DESCRIPTION OF THE TASK:
Copy out exactly, from the entries that follow, the line holding "2x1 Rib Racerback", the line holding "Viranşehir’de Yıllarca Ziraat", and all lines between them, but no pictures.

RECORDS TO USE:
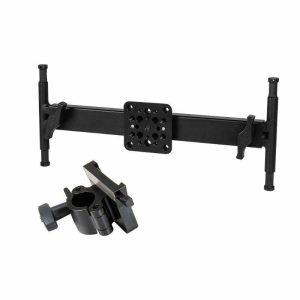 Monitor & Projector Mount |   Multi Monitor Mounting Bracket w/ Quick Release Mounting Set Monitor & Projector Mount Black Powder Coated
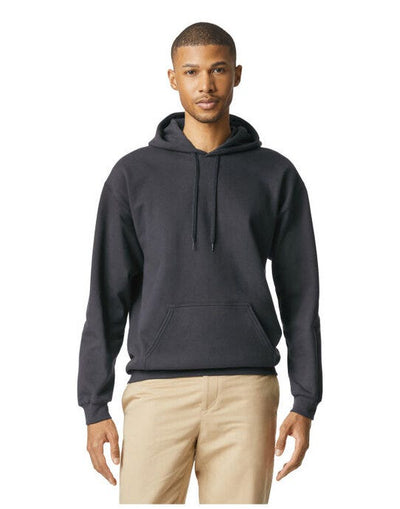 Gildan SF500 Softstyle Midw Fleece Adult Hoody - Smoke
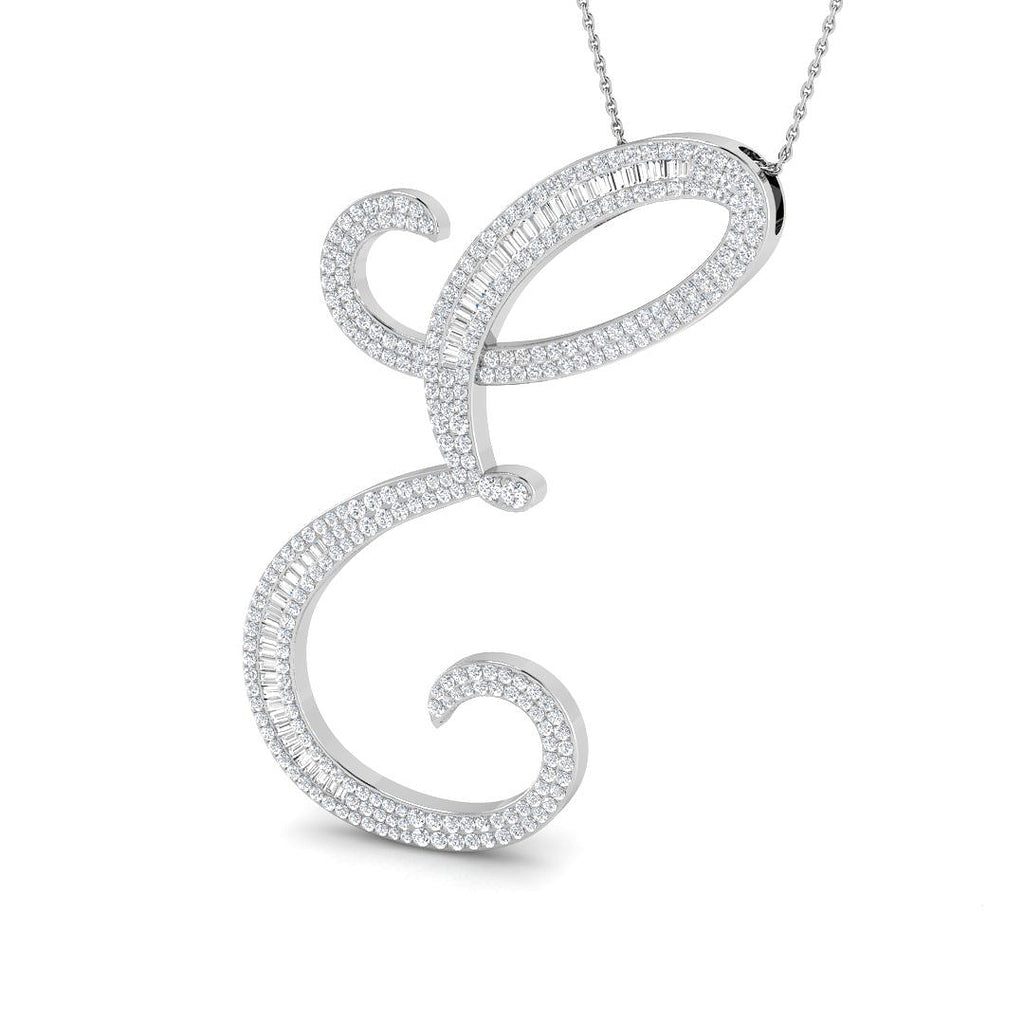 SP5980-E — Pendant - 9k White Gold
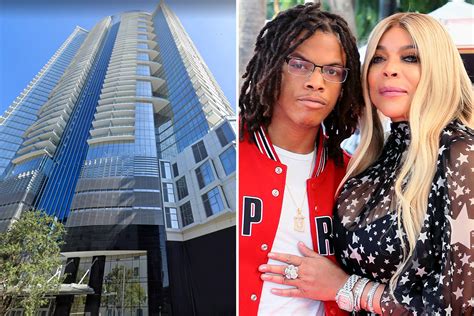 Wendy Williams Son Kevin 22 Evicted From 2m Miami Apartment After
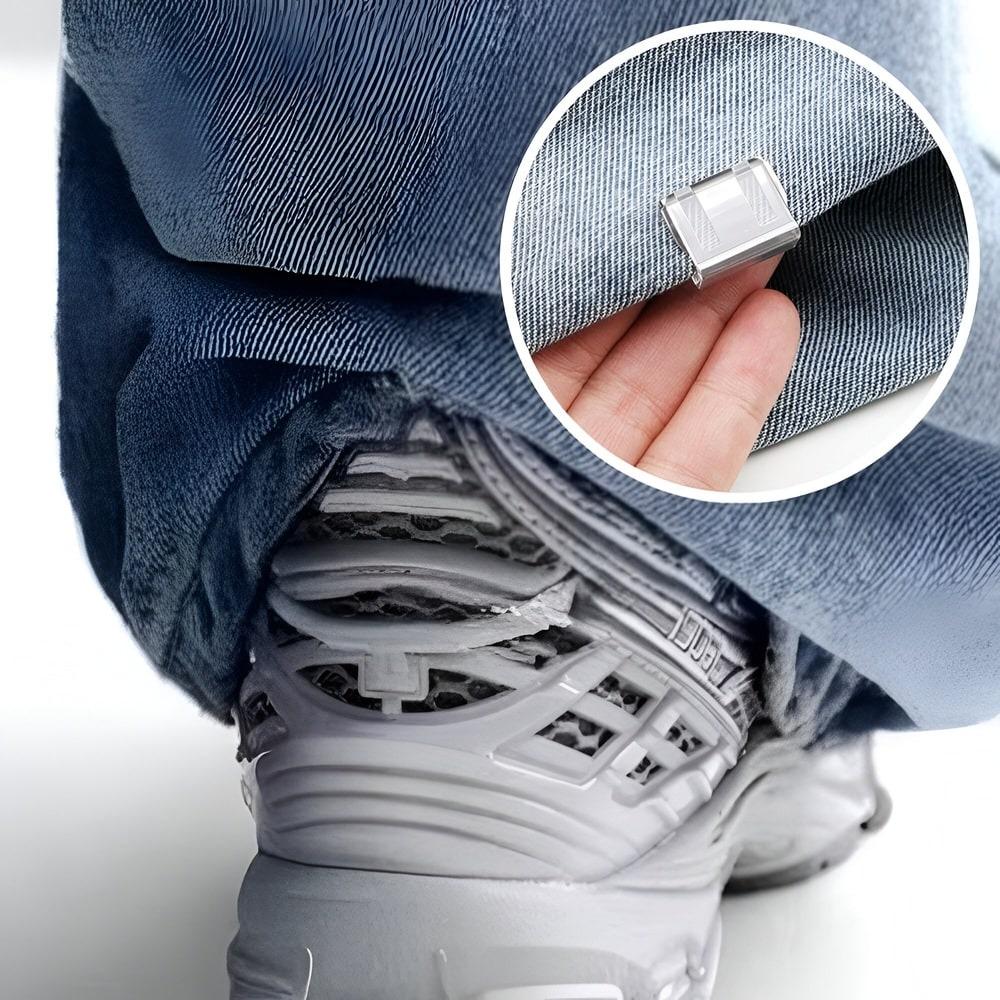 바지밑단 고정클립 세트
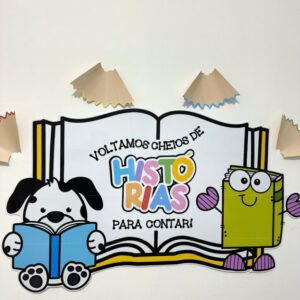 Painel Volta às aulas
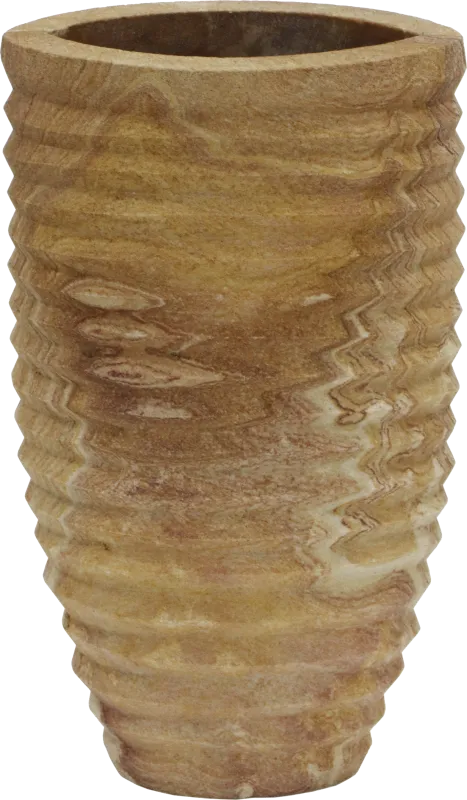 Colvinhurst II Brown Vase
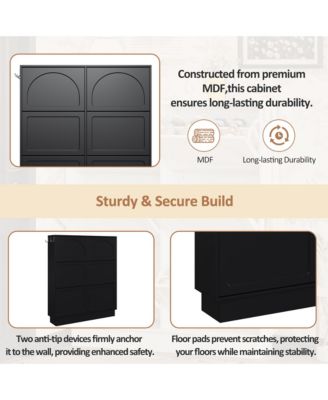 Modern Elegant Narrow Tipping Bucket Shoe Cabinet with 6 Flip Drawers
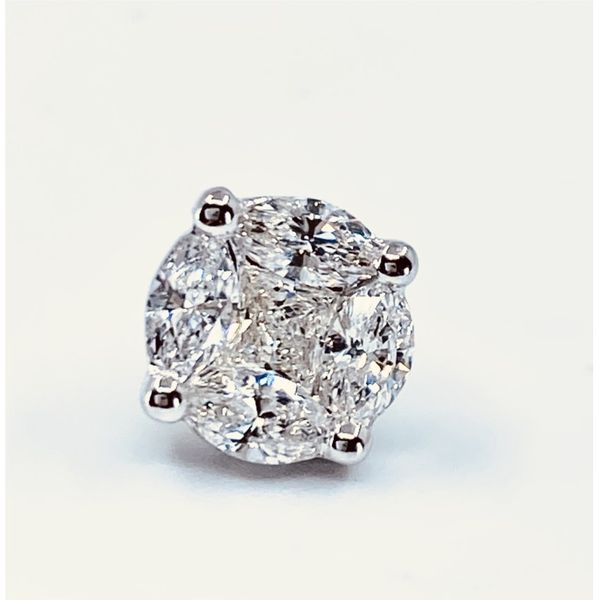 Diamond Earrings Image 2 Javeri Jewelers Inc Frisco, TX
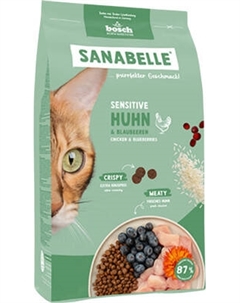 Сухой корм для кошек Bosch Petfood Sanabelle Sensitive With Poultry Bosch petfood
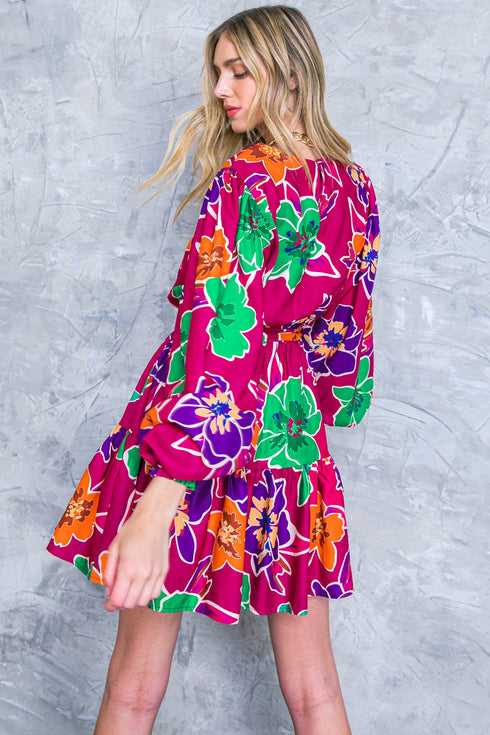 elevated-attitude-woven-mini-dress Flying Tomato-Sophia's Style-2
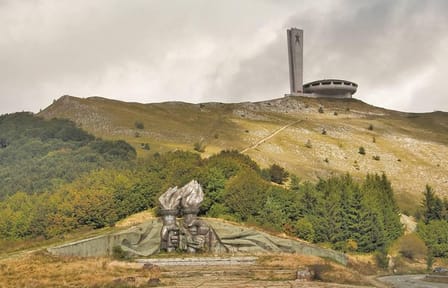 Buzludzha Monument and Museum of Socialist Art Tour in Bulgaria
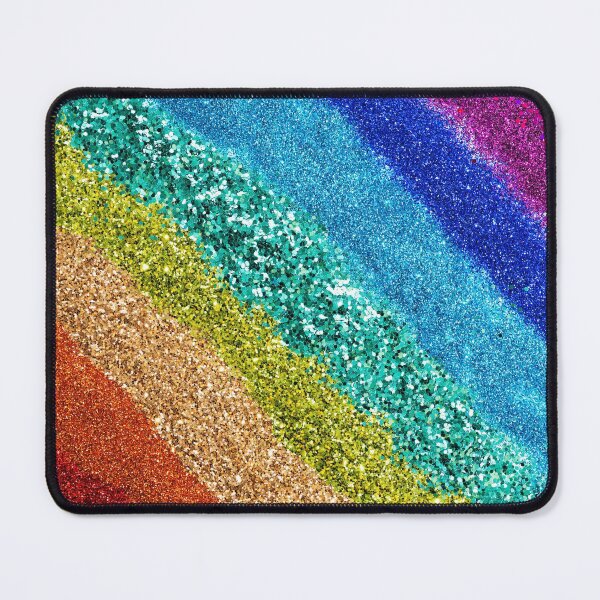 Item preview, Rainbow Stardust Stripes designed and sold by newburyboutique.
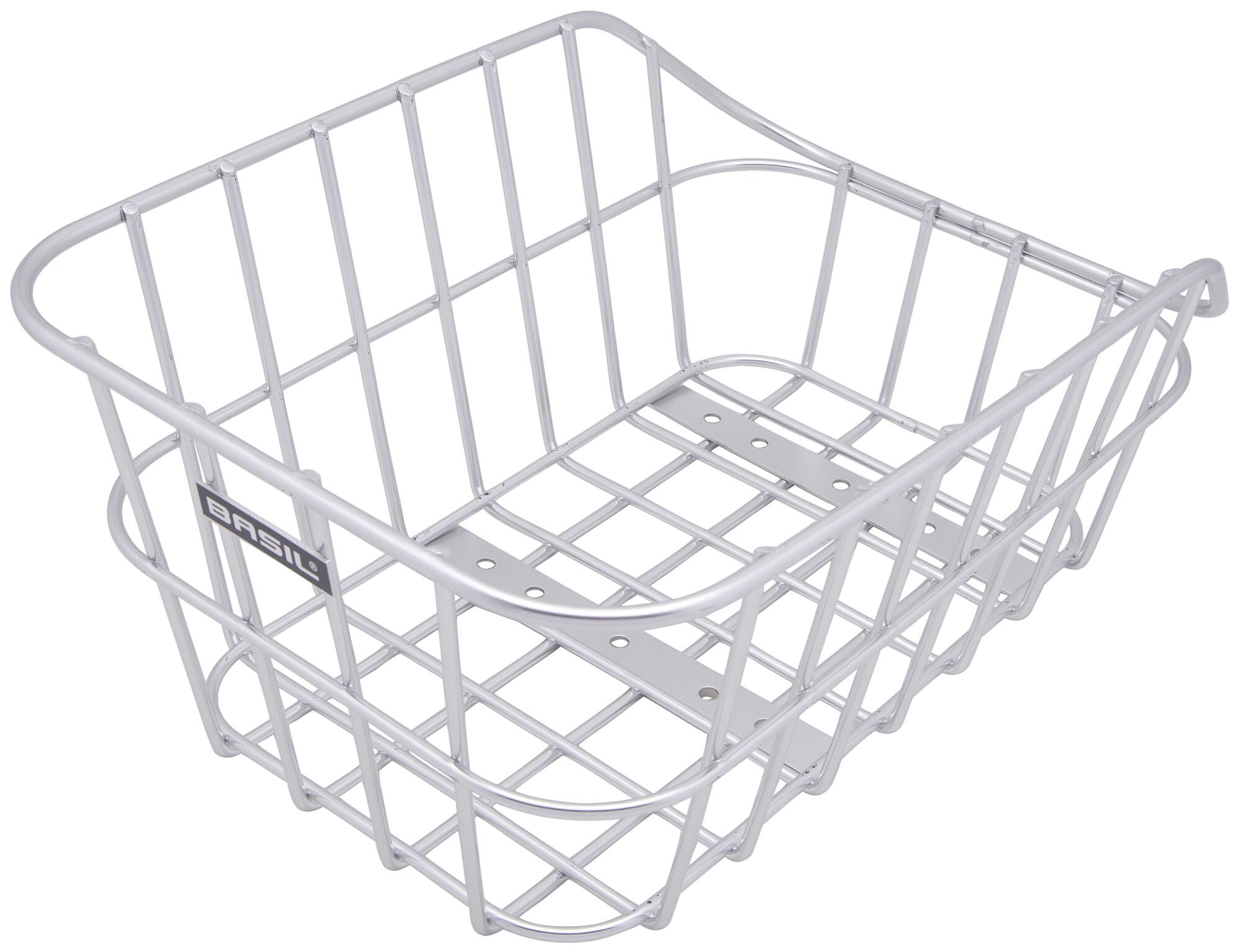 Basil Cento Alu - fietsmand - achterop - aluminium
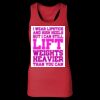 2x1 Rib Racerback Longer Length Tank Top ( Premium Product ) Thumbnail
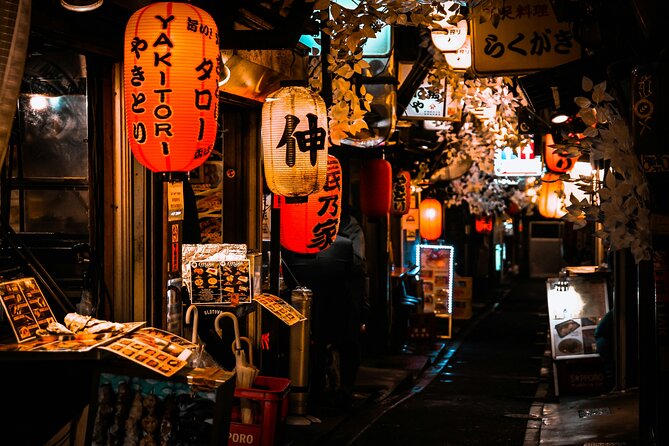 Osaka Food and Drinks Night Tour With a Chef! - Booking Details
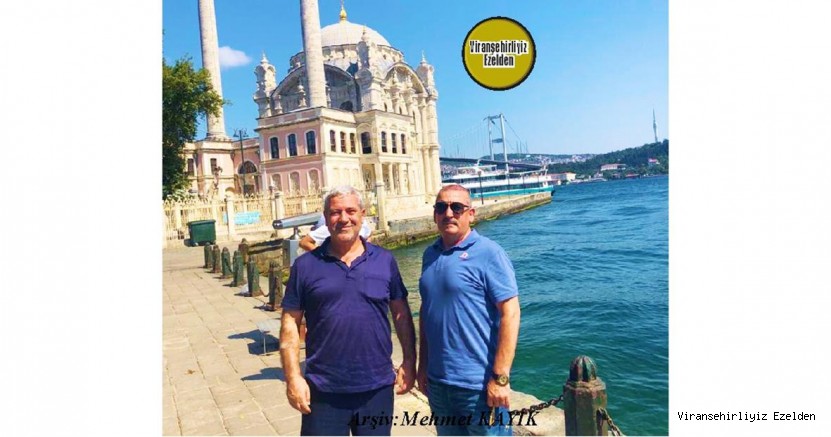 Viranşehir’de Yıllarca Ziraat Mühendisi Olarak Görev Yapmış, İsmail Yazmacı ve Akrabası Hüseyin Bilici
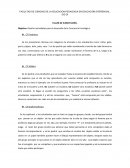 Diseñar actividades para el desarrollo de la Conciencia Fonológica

YOUR SOLUTION:
 2x1 Rib Racerback Longer Length Tank Top ( Premium Product ) Thumbnail
 Osaka Food and Drinks Night Tour With a Chef! - Booking Details
 Viranşehir’de Yıllarca Ziraat Mühendisi Olarak Görev Yapmış, İsmail Yazmacı ve Akrabası Hüseyin Bilici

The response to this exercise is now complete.